Task statement: Images should be left out, and everything else in the listing reproduced exactly.

Data section:

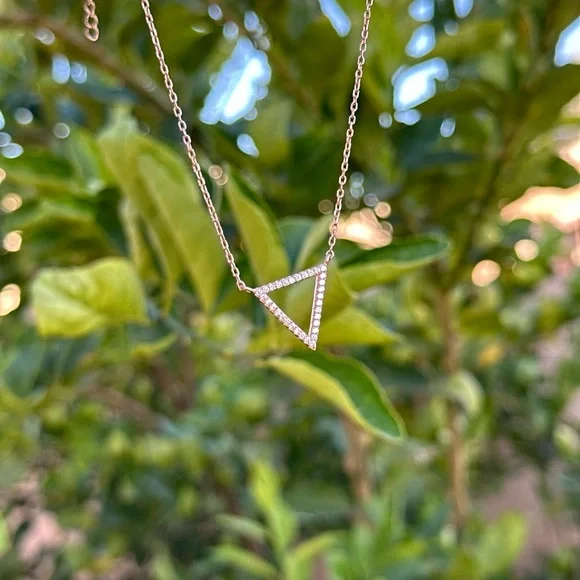 925 Sterling silver triangle necklace - Picture 3 of 4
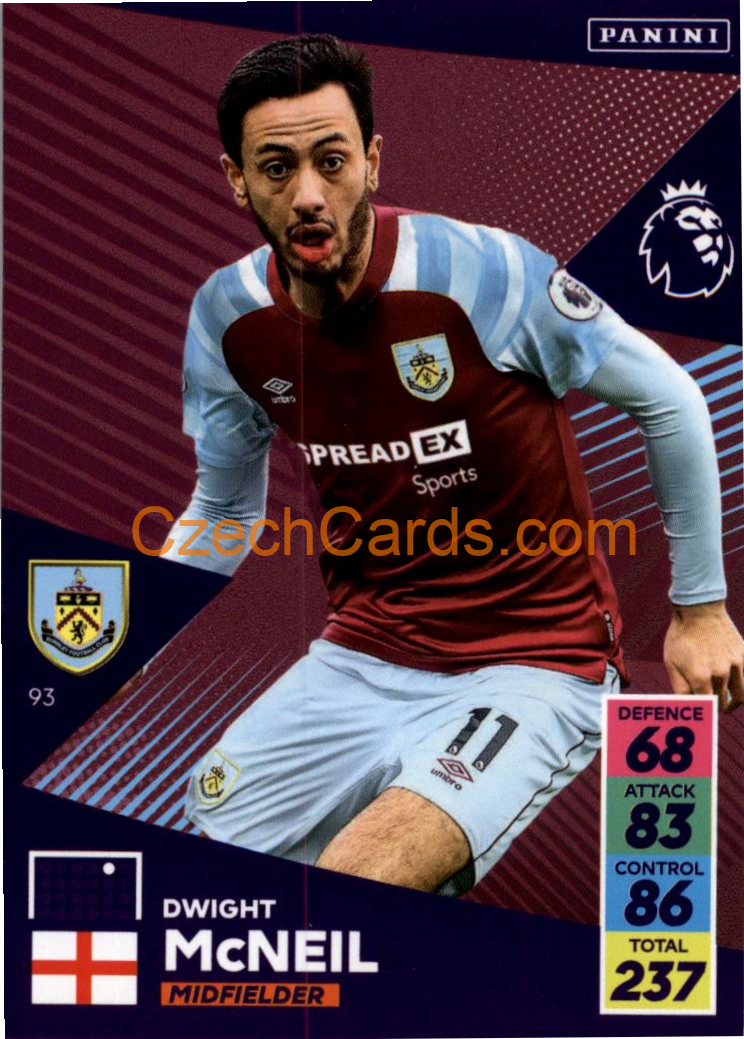 Dwight McNeil 2021/22 Panini Adrenalyn EPL #93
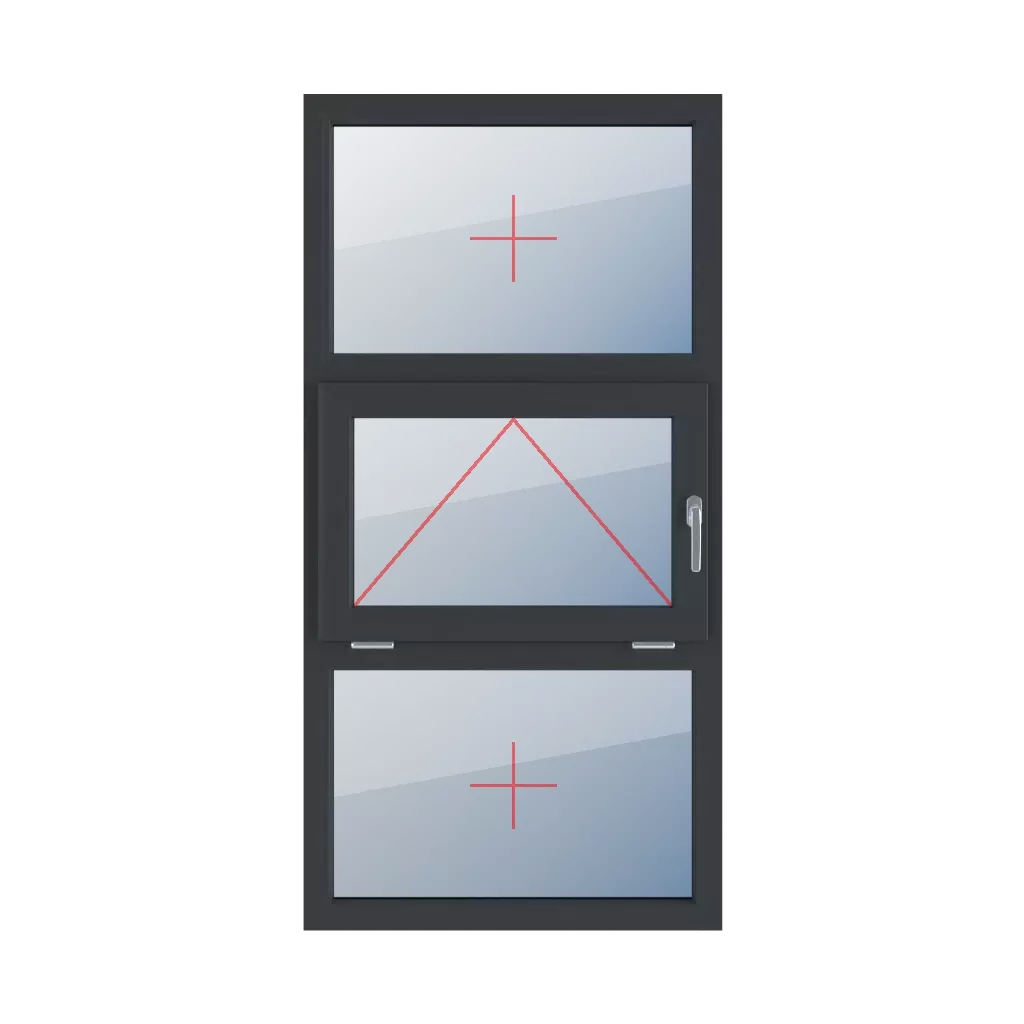 Festverglasung im Rahmen, Ausstellverglasung mit Griff rechts, Festverglasung im Rahmen fenster fenstertypen dreifluegelige-fenster symmetrische-vertikale-teilung-33-33-33  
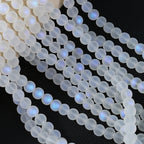 Frosted Round Glass Beads 8mm Fantasy Mermaid Soft Glow 100pcs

Problem solution:
 925 Sterling silver triangle necklace - Picture 3 of 4
 Dwight McNeil 2021/22 Panini Adrenalyn EPL #93
 Festverglasung im Rahmen, Ausstellverglasung mit Griff rechts, Festverglasung im Rahmen fenster fenstertypen dreifluegelige-fenster symmetrische-vertikale-teilung-33-33-33  
 Frosted Round Glass Beads 8mm Fantasy Mermaid Soft Glow 100pcs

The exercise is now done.